Lo scoppio della Vulcania, la Seconda Guerra Mondiale e ora la pandemia Covid: Francesco Favagrossa (nella foto con la moglie) è sopravvissuto alle più grandi tragedie che la storia abbia posto davanti agli uomini e può essere ormai considerato a tutti gli effetti una delle più preziose fonti orali che il paese di Montichiari possa enumerare.
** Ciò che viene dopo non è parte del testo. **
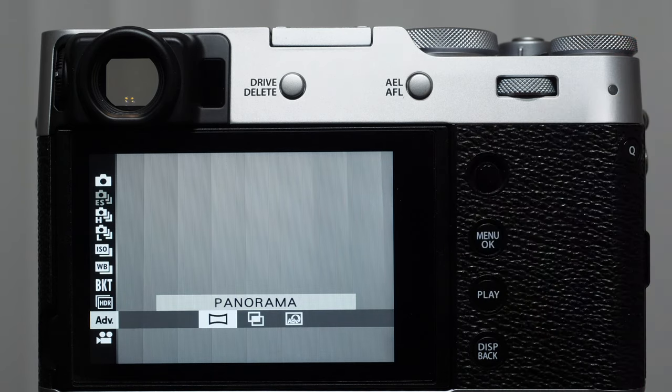Before we get into the exposure lesson, a couple things to point out: when we have a focusing mode turned on and we're rotating the front lens wheel, we're zooming in. Some people will think this is an optical zoom — it's not. This is a digital zoom, and our lens is fixed, so that zoom is a digital effect, the same as cropping the image. Second, if we push the viewfinder switch in the front of the camera while using the back monitor in photo mode, we can pull up a list of menu items. So if we set this to white balance and press the button, now we have a quick white balance button.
I suoi racconti sono pietre rarissime di accadimenti locali e nazionali che assumono nei nostri tempi ancora maggior importanza perché narrati dalla voce viva di un testimone vivente, quello che era un ragazzo del popolo, privo di demagogia e solo pieno di tanta voglia di vivere, vitalità che lo ha sempre sorretto portandolo, pochi giorni fa, a festeggiare 99 straordinarie primavere. Entrato da ragazzino nella fabbrica della Vulcania, l’azienda di esplosivi che sorgeva in zona Fascia D’Oro, Favagrossa nel 1940 ha assistito in prima persona alla drammatica esplosione del reparto caricamento, causato dallo scoppio di una granata che provocò la distruzione del laboratorio e parzialmente del reparto stesso. 
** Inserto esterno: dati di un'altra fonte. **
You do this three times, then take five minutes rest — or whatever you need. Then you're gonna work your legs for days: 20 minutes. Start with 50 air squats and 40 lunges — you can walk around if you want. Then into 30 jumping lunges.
In quell’occasione fu tra i primi a correre in strada per chiamare aiuto e ancora ricorda, in modo indelebile, le braccia e le gambe delle povere vittime sparse qua e là  e, gettato sull’erba, simile a quello di una bambola rotta, un ciuffo di capelli biondi appartenuti ad una bellissima ragazza che gli smuove ancora una profonda tristezza al solo rammentarne la tragica fine. 
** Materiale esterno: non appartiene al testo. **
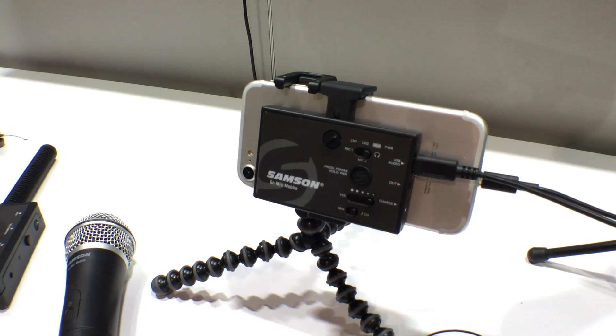It has a headphone output with volume control, and this is 2.4 GHz wireless, so it's operational digitally up to 100 feet.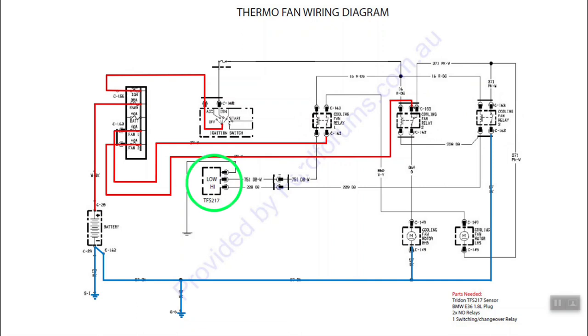This is our thermo switch or thermo sensor, and what it will do is provide ground at two different temperatures. The first ground will get continuity to ground at 80 degrees, and you will also get continuity to ground at 88 degrees - that will provide a second ground. Before we go into how the circuit operates, we should mention where we're going to mount this sensor. It belongs on the cold side of the radiator.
Vite stroncate che riemergono dalla nebbia del tempo dalla sua mente incredibilmente lucida, una fonte inesauribile di eventi che intessono con piccole pennellate quella che è stata la storia della metà del Novecento e che lo accomuna nelle esperienze a tanti ragazzi che, magari, quei ricordi non hanno avuto nemmeno la fortuna di poterli raccontare. Tra questi, la partenza appena ventenne, il 16 febbraio del 1942, per la Seconda Guerra Mondiale, le lacrime versate al momento della chiamata alle armi, i lunghi tragitti per trasportare materiale bellico con i camion Fiat 18 e 626, ormai pezzi da museo e introvabili cimeli, lo sbarco degli Americani in Sicilia, lo sguardo che ancora si fa estatico narrando delle tantissime navi, carrarmati, aerei, di una compagine armata che era assurdo pensare anche lontanamente di poter battere e poi il ritorno al Nord e le traversie dopo l’8 settembre. Una vita densa di avvenimenti che, alla soglia dei quasi cento anni d’età, ha dovuto fare i conti anche con la pandemia di Covid 19 e con un periodo che lo costringe a vivere in casa, con la massima attenzione, ma nella maniera più serena possibile sopportando le limitazioni con saggezza, forgiato dalla somma dei tantissimi eventi che ha vissuto: esperienze di vita che sicuramente ancora a lungo saprà trasmettere a chi gli vuole bene e ai concittadini monteclarensi.